Let’s look at the rows in the gene annotation object.
R
head(annot)
OUTPUT
gene_id symbol chr start end strand
ENSMUSG00000000001 ENSMUSG00000000001 Gnai3 3 108.10728 108.14615 -1
ENSMUSG00000000028 ENSMUSG00000000028 Cdc45 16 18.78045 18.81199 -1
ENSMUSG00000000037 ENSMUSG00000000037 Scml2 X 161.11719 161.25821 1
ENSMUSG00000000049 ENSMUSG00000000049 Apoh 11 108.34335 108.41440 1
ENSMUSG00000000056 ENSMUSG00000000056 Narf 11 121.23725 121.25586 1
ENSMUSG00000000058 ENSMUSG00000000058 Cav2 6 17.28119 17.28911 1
middle nearest.marker.id biotype module
ENSMUSG00000000001 108.12671 3_108090236 protein_coding darkgreen
ENSMUSG00000000028 18.79622 16_18817262 protein_coding grey
ENSMUSG00000000037 161.18770 X_161182677 protein_coding grey
ENSMUSG00000000049 108.37887 11_108369225 protein_coding greenyellow
ENSMUSG00000000056 121.24655 11_121200487 protein_coding brown
ENSMUSG00000000058 17.28515 6_17288298 protein_coding brown
hotspot
ENSMUSG00000000001 <NA>
ENSMUSG00000000028 <NA>
ENSMUSG00000000037 <NA>
ENSMUSG00000000049 <NA>
ENSMUSG00000000056 <NA>
ENSMUSG00000000058 <NA>
There are many columns in the gene annotation file, including the Ensembl ID, gene symbol, chromosome, start and end of the gene.
Next, let’s look at the sample covariates.
R
head(covar)
OUTPUT
mouse sex DOwave diet_days
DO021 DO021 F 1 112
DO022 DO022 F 1 112
DO023 DO023 F 1 112
DO024 DO024 F 1 112
DO025 DO025 F 1 114
DO026 DO026 F 1 114
The sample covariates have information about the sex and DO
generation, indicated as DOwave
, of each mouse. These are
metadata, or data about the data.
In order to make reasonable gene comparisons between samples, the count data needs to be normalized. In the quantile-quantile (Q-Q) plot below, count data for the first gene are plotted over a diagonal line tracing a normal distribution for those counts. Notice that most of the count data values lie off of this line, indicating that these gene counts are not normally distributed.
Q-Q plots for the first six genes show that count data for these genes are not normally distributed. They are also not on the same scale.
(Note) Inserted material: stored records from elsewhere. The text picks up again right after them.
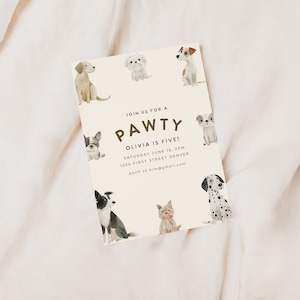 Dog Puppy Themed Birthday Party Invitation Template - Instant Edit and Download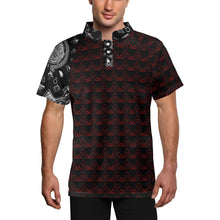 Load image into Gallery viewer, S Society Red Stacked x Grand 3D Button Up Short Sleeve Golf Tennis Polo Shirts
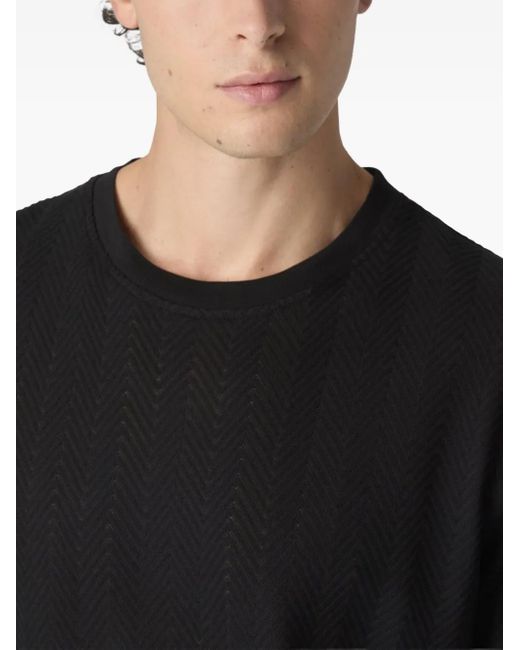 Missoni Black Herringbone-Pattern Short-Sleeved T-Shirt for men
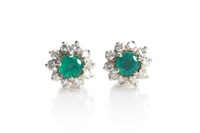 Pair of gold & emerald cluster earrings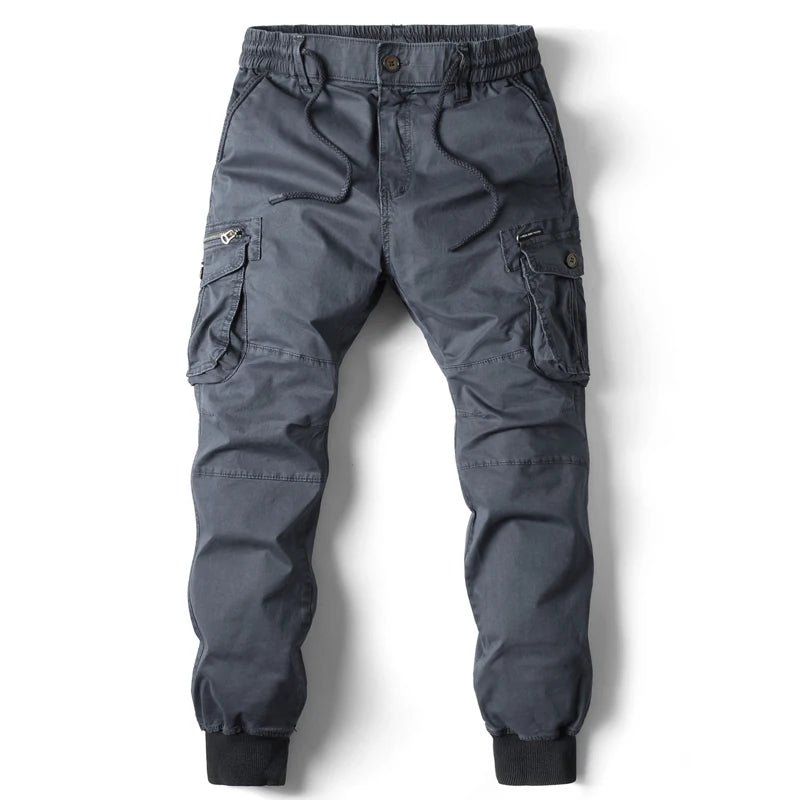 Flap Cargo Pants with Side Pocket and Drawstring for Men |BEGOGI SHOP | blue grey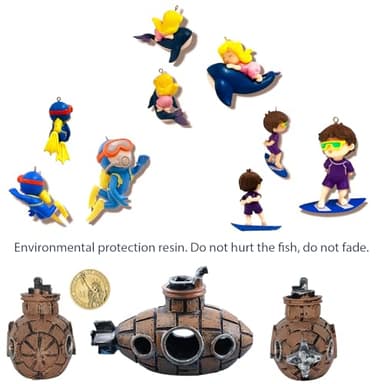 BEZALEL 13PCS Floating Fish Tank Decorations Floating Device Fish Tank Accessories Flotating Diver Fake Jellyfish Decorations Starfish Submarine Suitable for Aquarium - Image 6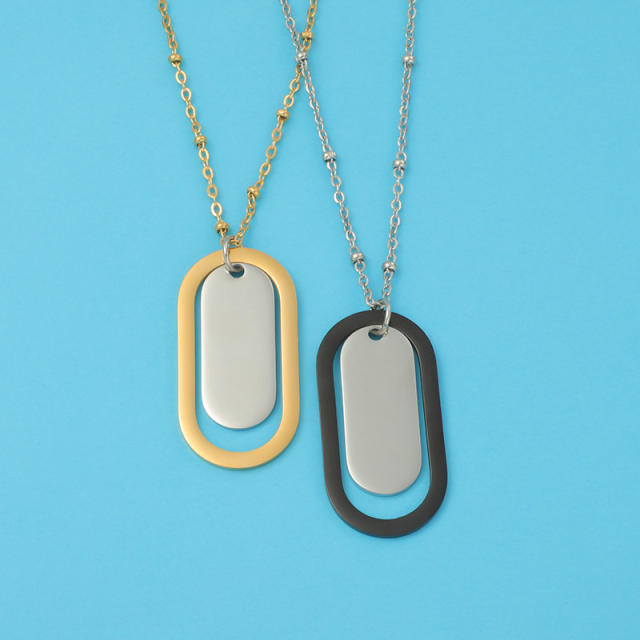 Hot sale dog tag pendant stainless steel necklace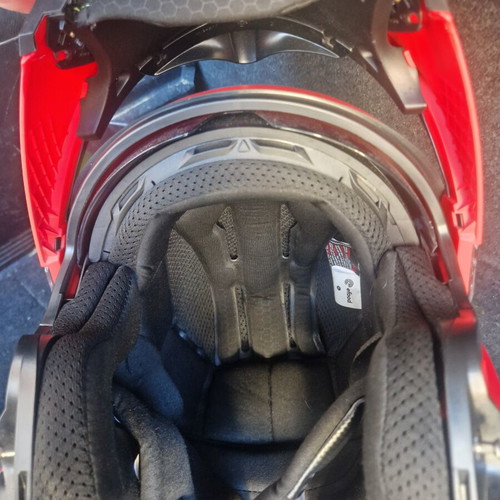 Motorcycle helmet XL, red with visor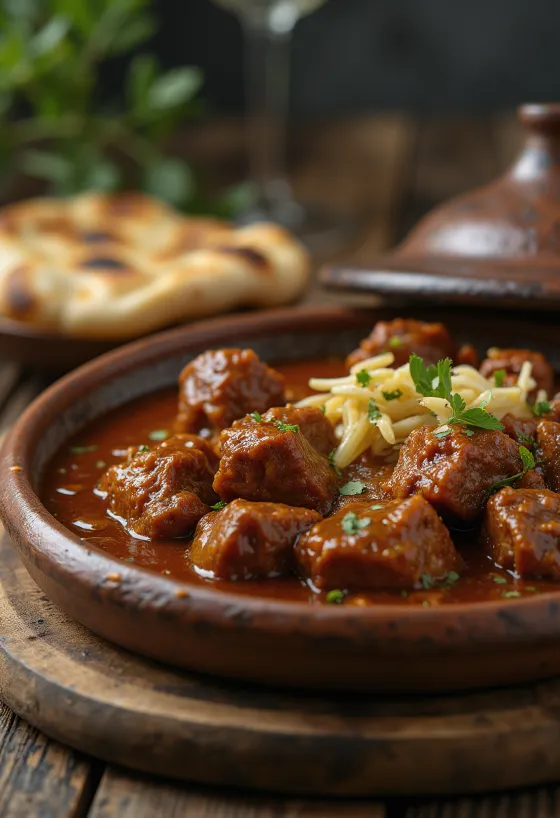 Rogan Josh marhahússal, fűszeres szószban tálalva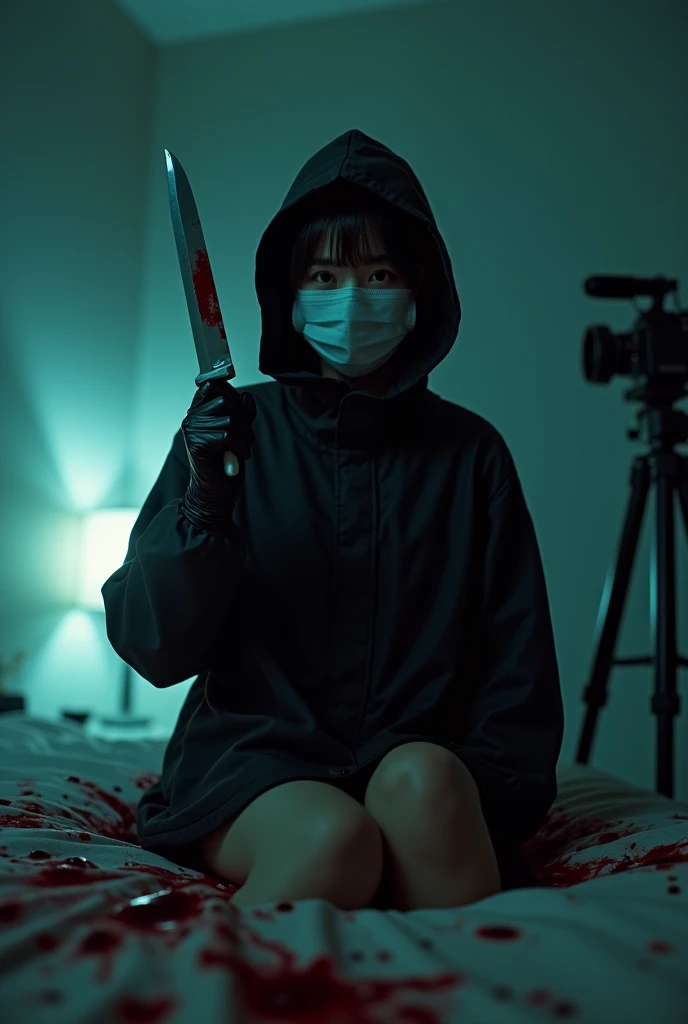 korean girl, (behind stiff, holding knife), surgical mask, black leather gloves, room, black raincoat, hood up, holding knife, leather gloves, woman on top, behind cadaver, blood splatter, bed room, night, mass murderer, killer, short hair, blood splatter, dark atmosphere, cinematic lighting, atmospheric realistic, neon lighting, close-up, tripod and camera in the back, shooting with camera
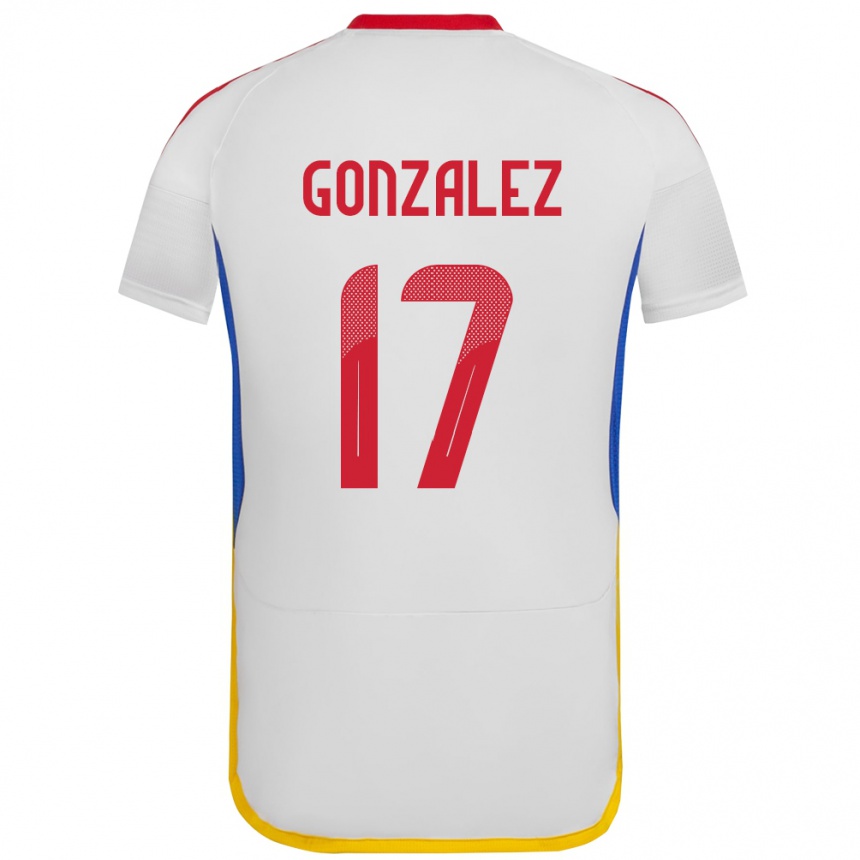 Vaikiškas Venesuela Mayken González #17 Baltas Išvykos Marškinėliai 24-26 T-Shirt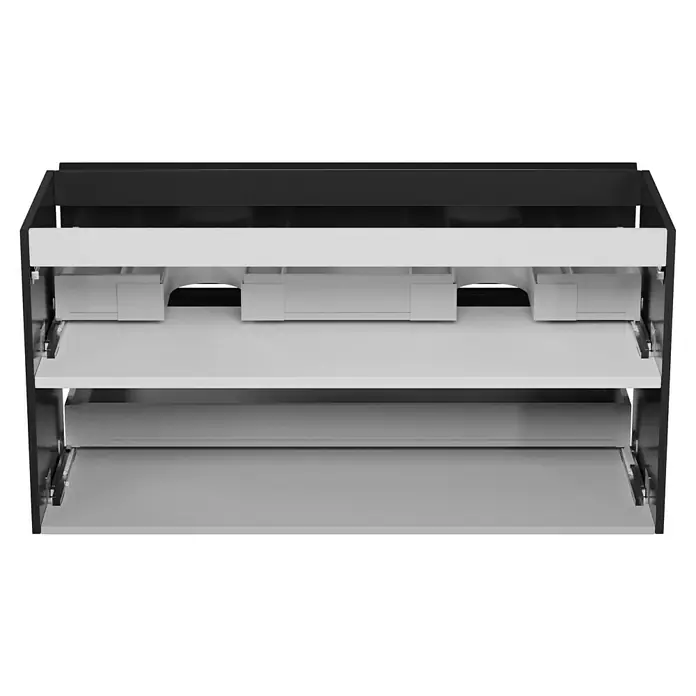 Camargue Espacio Waschtischunterschrank - 120 x 46 x 60 cm, 2 Schubkästen, Gama anthrazit glänzend - Abgebildete ausziehbare Regale, die eine flexible und leicht zugängliche Aufbewahrungslösung für verschiedene Gegenstände bieten.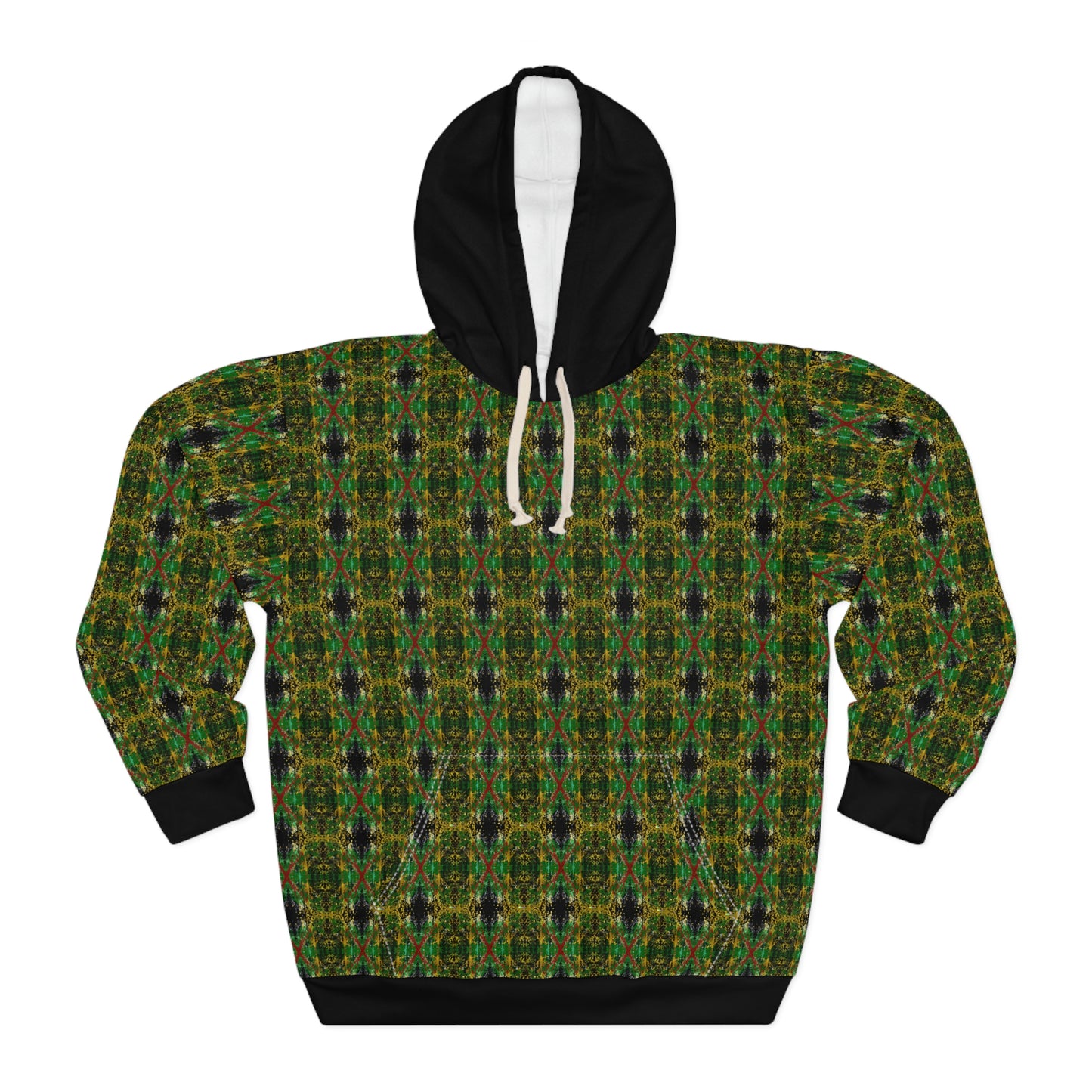 RastaX 1 (Black Hood) - AI Art - Pullover Hoodie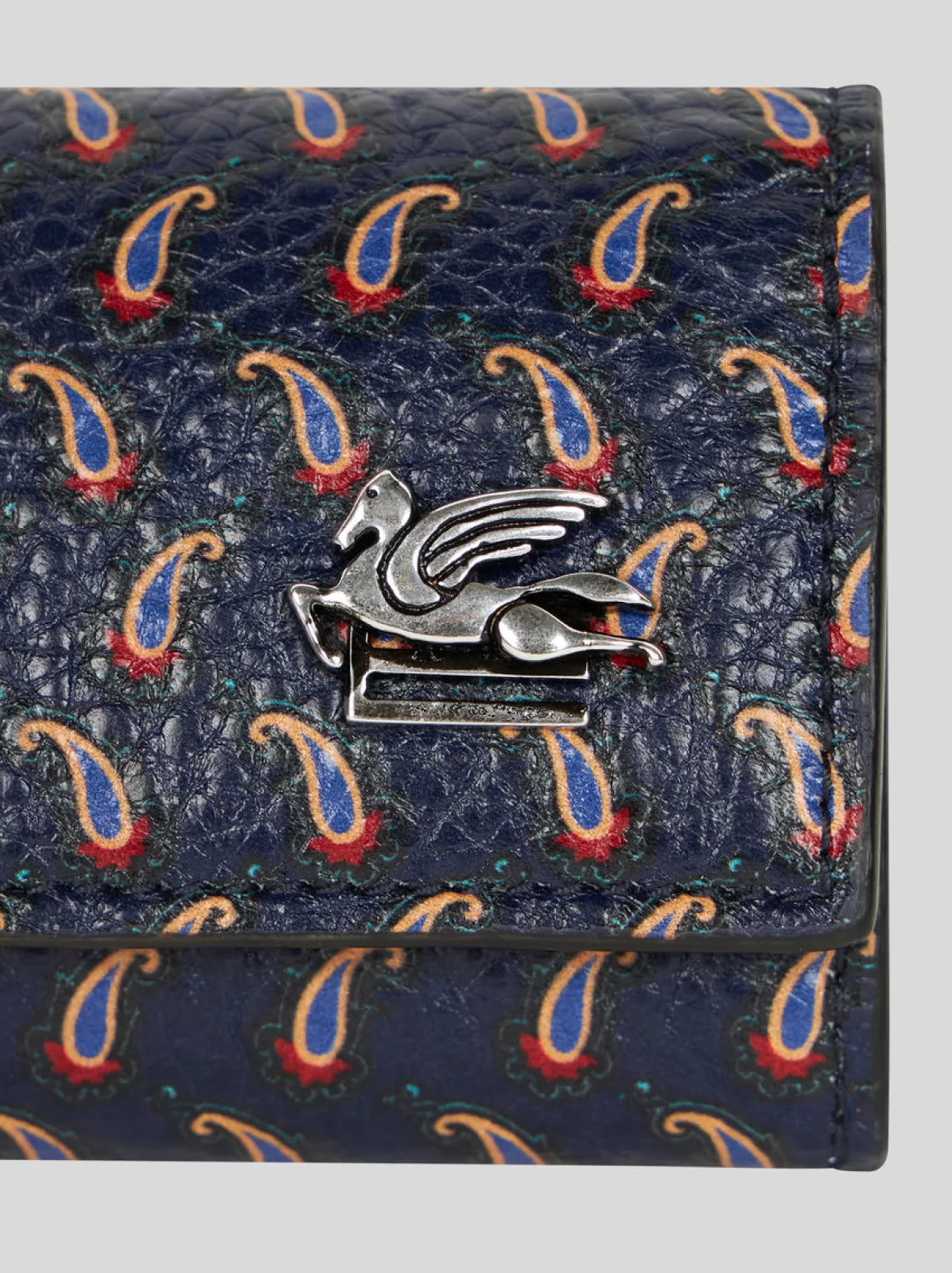 Uomo Etro PORTACHIAVI IN PELLE CON MICRO PAISLEY E PEGASO |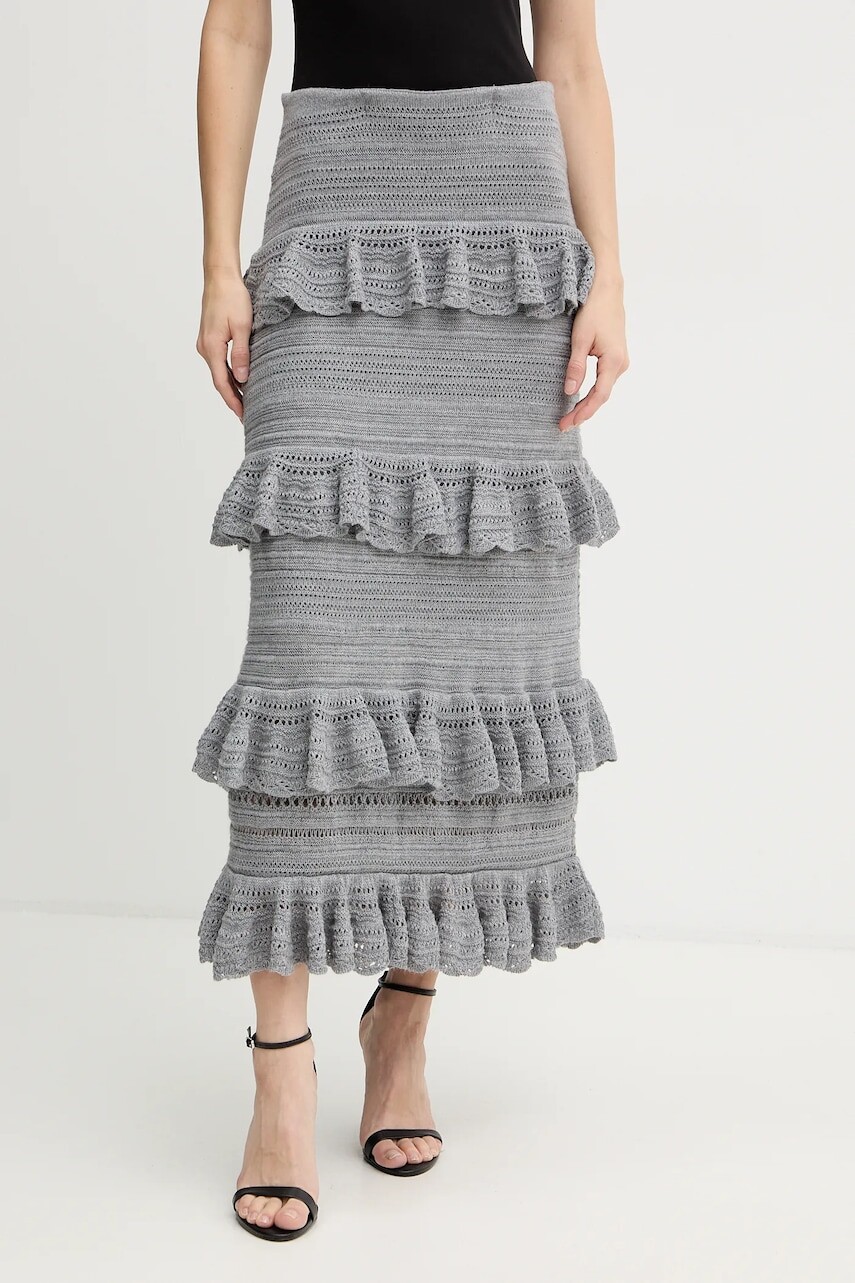 Vlnená sukňa Luisa Spagnoli šedá farba, midi, rovný strih, 100223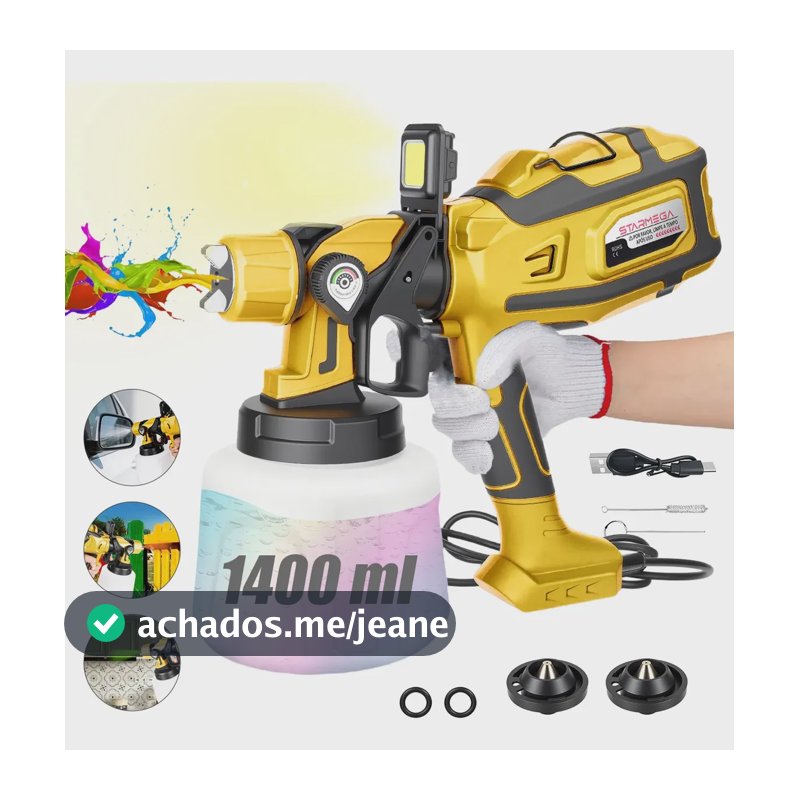 Pistola Elétrica De Pintura Com Reservatório 1400ml 850w Amarelo 220v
The y-axis values for each subplot range to 20,000 counts in the first subplot, 250 in the second, 90 in the third, and so on.
R
raw |>
as.data.frame() |>
select(ENSMUSG00000000001:ENSMUSG00000000058) |>
pivot_longer(cols = everything(), names_to = 'gene', values_to = 'value') |>
ggplot(aes(sample = value)) +
stat_qq() +
geom_qq_line() +
facet_wrap(~gene, scales = 'free') +
labs(title = 'Count distribution for six genes',
xlab = 'Normal percentiles', y = 'Count percentiles') +
theme(text = element_text(size = 20))
Since each gene has a different distribution, we will need to normalize the gene expression data. We will do this in a future lesson.
Key Points
- It is important to inspect the phenotype distributions and to transform them to be nearly normal.